Good enough and how NOT to write a PhD thesis

I teach this course to help PhD researchers complete their research and write their theses. Other professors may not like it when I say this, but my objective is that your thesis, and your oral defense of it, are ‘good enough’ to pass. Of course, I am thrilled at the idea of supervising or examining an exceptionally clear and beautifully written thesis about life-changing research of global impact. But, my aim is for you to produce a thesis that is good enough to get you a PhD. This positions the PhD thesis and your oral examination as a springboard into your post-PhD life. As David D. Perlmutter says in his article for The Chronicle of Higher Education, “Graduate students should remember that the dissertation is the beginning of their research, not the endpoint”. I would add ” or professional life” as many of you will not be planning to stay in academia or move on to a research position in industry.

Getting a PhD done and writing a good enough thesis is as much about knowing what not to do as getting advice about what to do.

Writing in the Times Higher Education Supplement, Tara Brabazon lists her top ten tips for doctoral failure. With comments by Jane Prophet added in italics.  

1. Submit an incomplete, poorly formatted bibliography

Jane: I read the bibliography carefully. It adds to my workload to have to correct mistakes. Check your bibliography carefully. Ask a couple of friends to read it through. Sort out every little punctuation and style error. One or two mistakes are OK, but more cause me to wonder how rushed the thesis completion was and what else has been missed out..

Many examiners start from the back of the script. The moment examiners see incomplete references or find that key theorists in the topic are absent, they worry. This concern intensifies when in-text citations with no match in the bibliography are located.

Jane: Elsewhere I discuss ‘relaxing’ the examiner by explaining very early on in the thesis why a key theorist or topic has been omitted. To do this you will reference that key theorist or topic. This is even more important because you cannot control whether an examiner reads the bibliography first.

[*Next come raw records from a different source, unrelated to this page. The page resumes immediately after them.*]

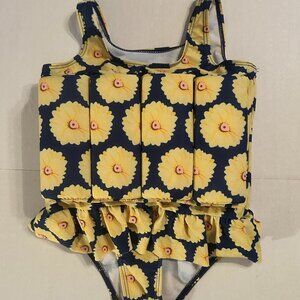 Like New One piece cute flower swimsuit with 8 flotation all around Size 4/5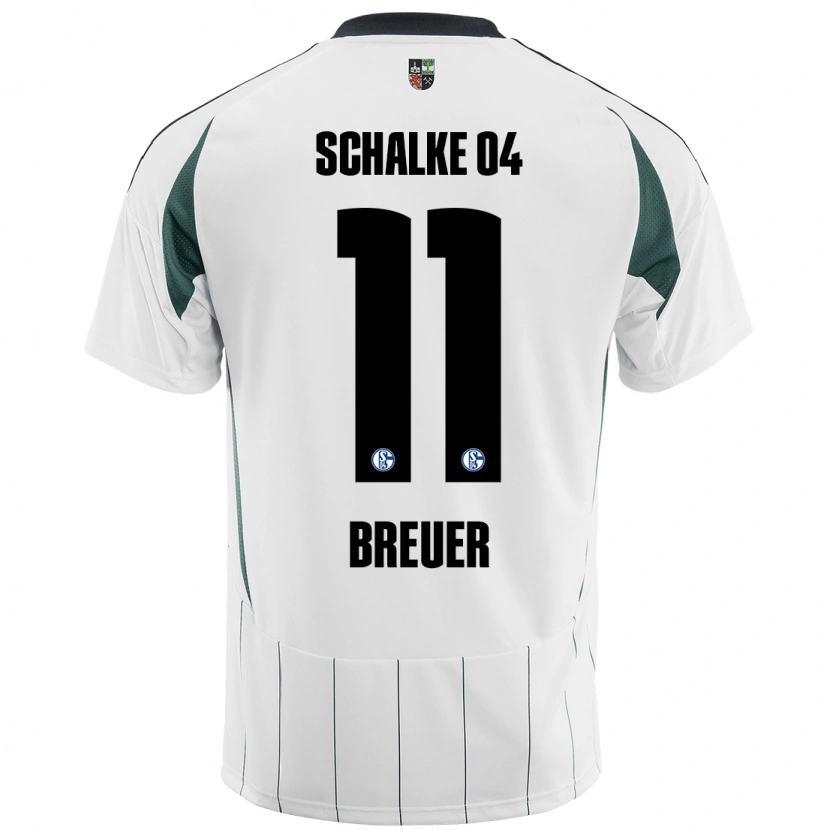 Danxen Donna Maglia Simon Breuer #11 Bianco Verde Kit Gara Away 2024/25 Maglietta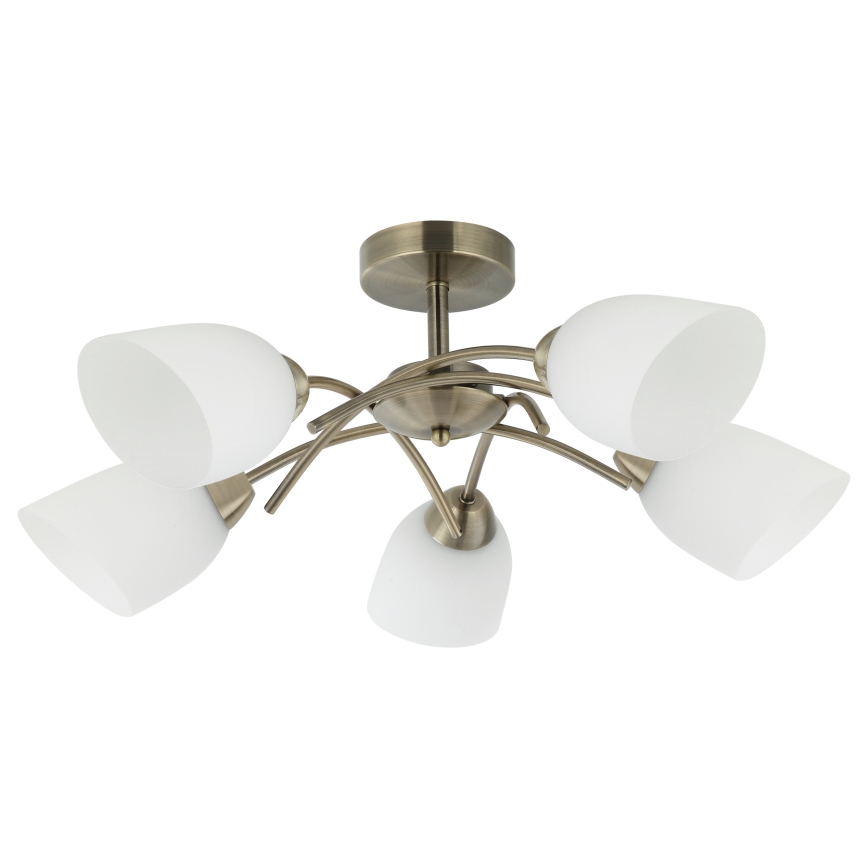 Bevestigde hanglamp DONNA 5xE27/60W/230V patina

2. Use phrases such as “some academics” or “all the literature” without mitigating statements or references.

“In a PhD, generalisations send me off for a long walk to Beachy Head.”

Jane: For those of you from outside the UK, Beachy Head is infamous for being a high cliff that suicidal people throw themselves off. Generalisations don’t make me suicidal but they do trigger an eye-roll and send up a red flag. I then start to wonder if the line of argument may be similarly sloppy. Too many generalisations and I fantasise about throwing the thesis off a cliff.

3. Write an abstract without a sentence starting “my original contribution to knowledge is…”

Relax the examiner with a sentence in the first paragraph of a PhD abstract that begins: “My original contribution to knowledge is…” If examiners cannot pinpoint the original contribution, they have no choice but to award the script an MPhil.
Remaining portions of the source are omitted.